Gesprächsrunde mit Herrn Helmut Hartmann, am 5.Februar 2014.
Wie er als Junge die Nazizeit überlebte, das ist das Zentrale beim Gespräch der Geschichtskurse SII mit Herrn Hartmann, jetzt 84 Jahre alt.
Er erlebte als Sechstklässler, wie es ist, von Mitschülern gehänselt zu werden, weil bekannt wird, dass die Mutter jüdische Eltern hat. Die Lehrer ignorieren, dass dem Schüler Hartmann ein Davids-stern auf das Pult gemalt wird und dieses Erkennungszeichen dann auch mal auf seinen Rücken geheftet wird.
Der Junge kann noch nicht mal zu Hause richtig darüber sprechen, an Verteidigung schon gar nicht zu denken. Das erstaunt uns aus der 12. und 13. Stufe der WBG am meisten. Vater und Mutter reden nicht über die Verfolgung von Juden. Warum? Die Familie Hartmann will lange Zeit nicht verstehen, dass die Nationalsozialisten alle verfolgen, die mit Judentum irgendetwas zu tun haben. Sie hoffen darauf, dass der „Spuk“ aufhört. Die Mutter, deren Eltern Juden sind, ist schon lange evangelische Christin und wie der Vater, ein angesehener Unternehmer in Augsburg, in der evangelischen Gemeinde aktiv. Der jüdische Großvater hatte mit Auszeichnung im 1.WK für Deutschland gekämpft. Die Familie glaubt, trotz der Bedrohung, dem grausamen Schicksal entgehen zu können.

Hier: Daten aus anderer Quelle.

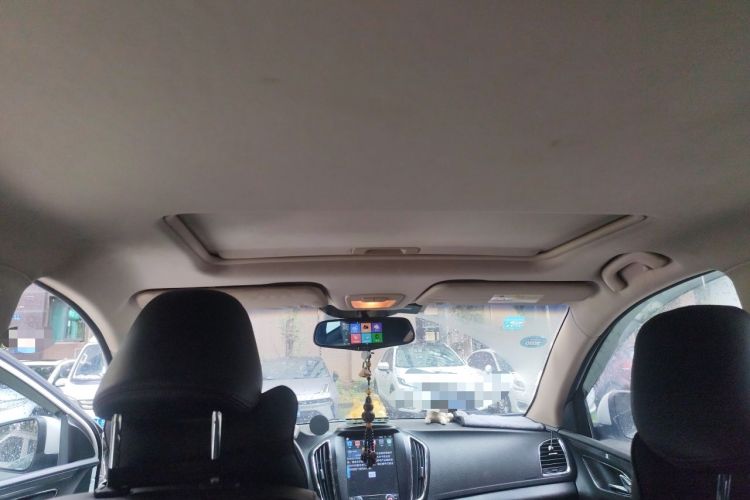 Used Baojun 560 2015 1.8L manual luxury version Headliner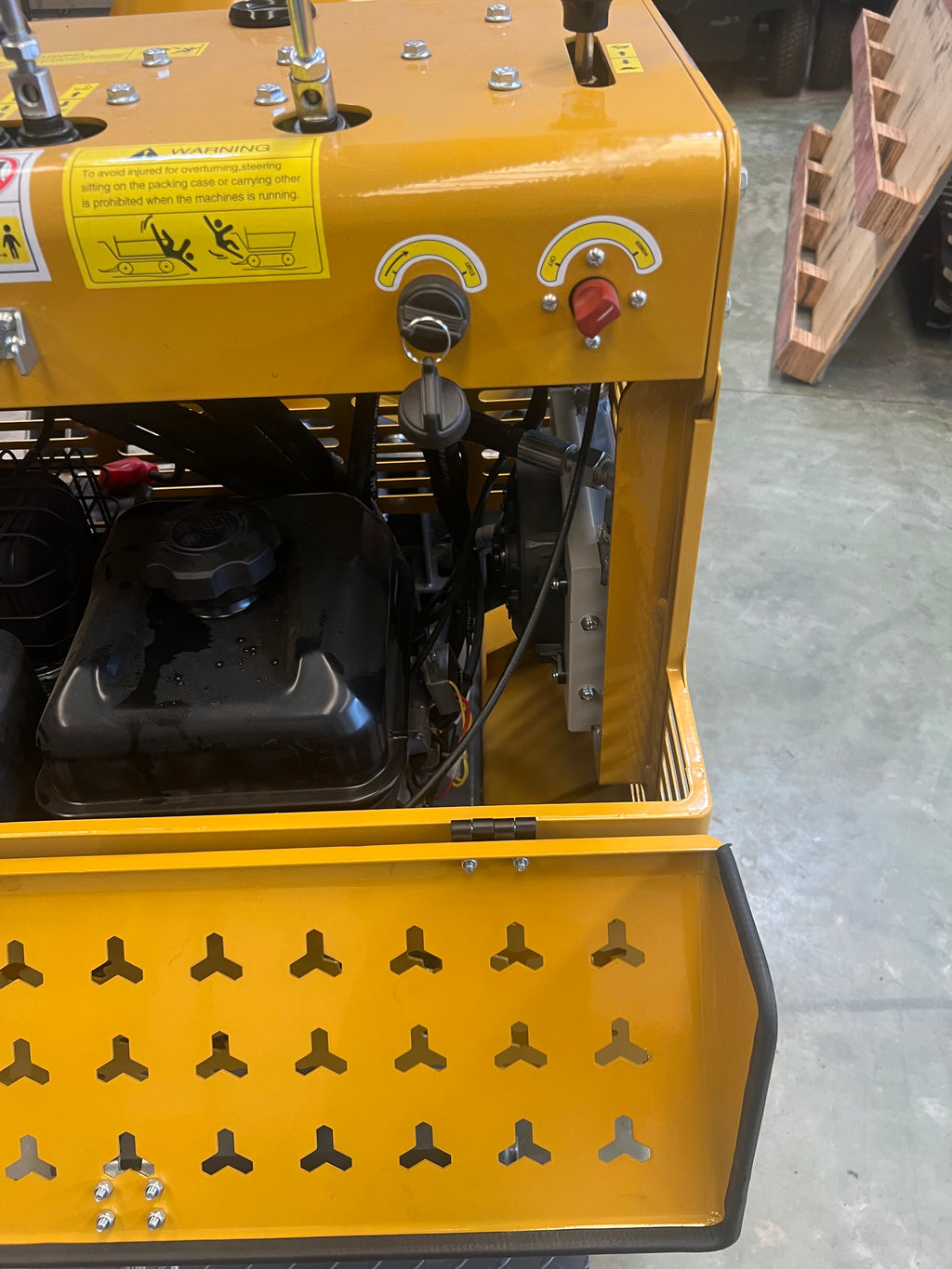 Dumper Hormigonera de orugas 200L autocargable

Wir erfahren letztlich, dass die Mutter von Herrn Hartmann verschont bleibt. Obwohl sie bereits auf einer Liste stand, die eine Deportation in ein Vernichtungslager vorsah. Der Name wird von einer Sekretärin der NS-Dienststelle gestrichen. Herr Hartmann selbst kann in die Schweiz gegen Kriegsende entkommen und seinen Weg machen als Unternehmer wie sein Vater.
Beeindruckt sind wir dann auch noch von dem, was Herr Hartmann als wichtigen Teil seines zweiten Lebens betrachtet: Wir hören von seinem Engagement gegen Fremdenhass und Intoleranz durch das von ihm gegründete „Forum Interkulturelles Leben und Lernen“. Das war 1993, als er sich vor 20 Jahren durch den Ausländerhass mit brutaler Verfolgung in Rostock-Lichtenhagen und Solingen besonders herausgefordert fühlte. Herr Hartmann hat die Sache ziemlich einleuchtend herübergebracht: Die Erinnerung an „gestern“ macht Sinn, wenn wir unser „morgen“ frei von Rassismus gestalten wollen.
Das Gespräch kam zustande durch Unterstützung des Vereins „Der halbe Stern“, auch bei unserem Gespräch vertreten durch Frau Brigitte Gensch.